- What to work on -
What the task requires is an exact printout of the listing below, pictures excluded.

- Input data -
::::

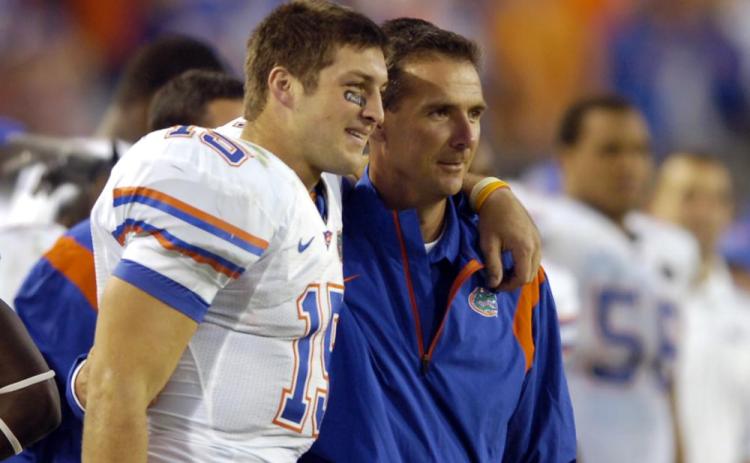 Former Florida quarterback Tim Tebow, left, and former Florida coach Urban Meyer celebrate in the fourth quarter during a college football game against Georgia on Nov. 1, 2008, in Jacksonville. Tebow and Meyer are together again, this time in the NFL and with Tebow playing a new position. The former Florida star and 2007 Heisman Trophy-winning quarterback signed a one-year contract with the Jacksonville Jaguars on Thursday and will attempt to revive his pro career as a tight end. (AP FILE PHOTO)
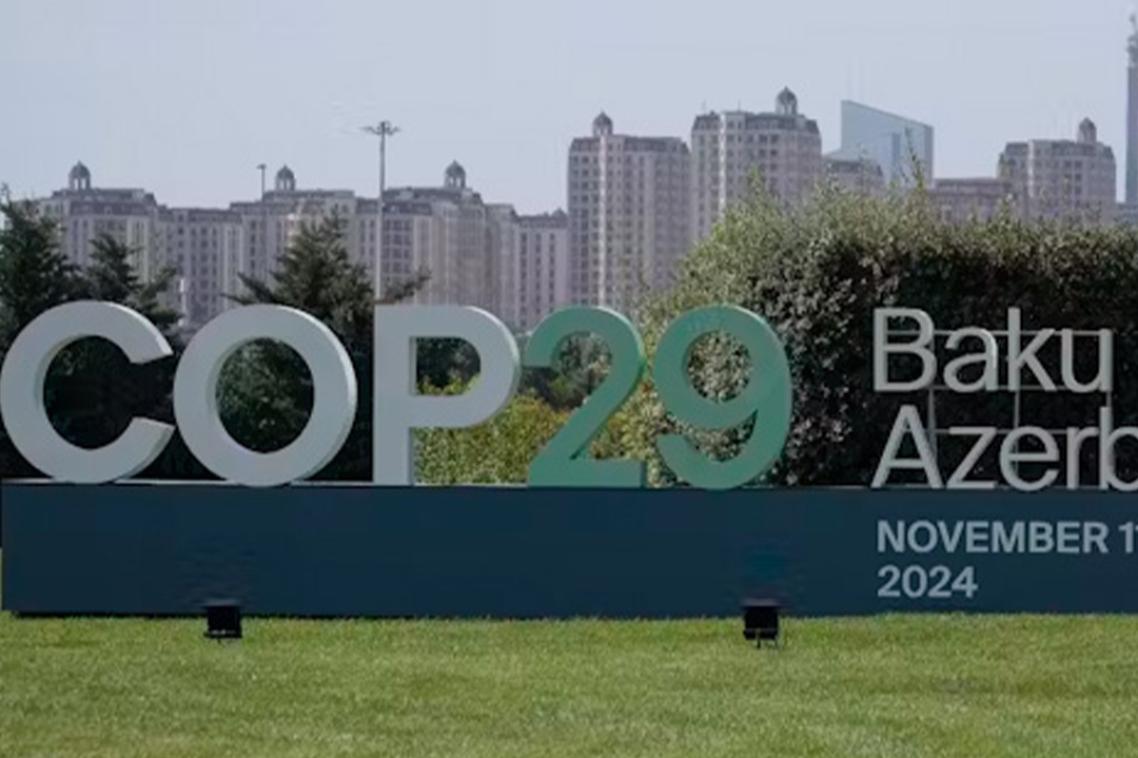 A photo of a large outdoor COP29 sign in Baku.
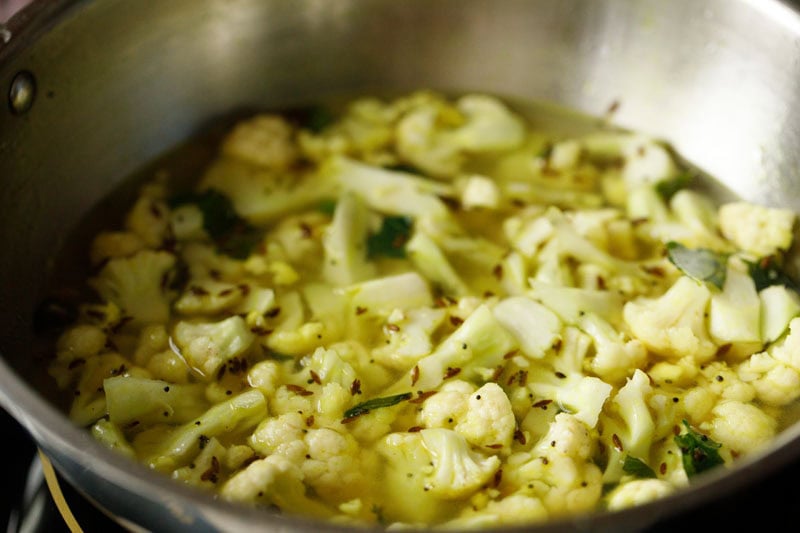 cauliflower florets mixed with water in pan.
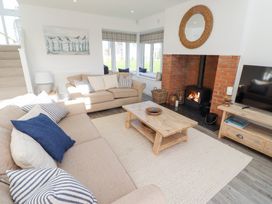 A living room with a sofa, coffee table, and fireplace at The Beach House (Beadnell)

::::

- Expected answer -
 Former Florida quarterback Tim Tebow, left, and former Florida coach Urban Meyer celebrate in the fourth quarter during a college football game against Georgia on Nov. 1, 2008, in Jacksonville. Tebow and Meyer are together again, this time in the NFL and with Tebow playing a new position. The former Florida star and 2007 Heisman Trophy-winning quarterback signed a one-year contract with the Jacksonville Jaguars on Thursday and will attempt to revive his pro career as a tight end. (AP FILE PHOTO)
 A photo of a large outdoor COP29 sign in Baku.
 cauliflower florets mixed with water in pan.
 A living room with a sofa, coffee table, and fireplace at The Beach House (Beadnell)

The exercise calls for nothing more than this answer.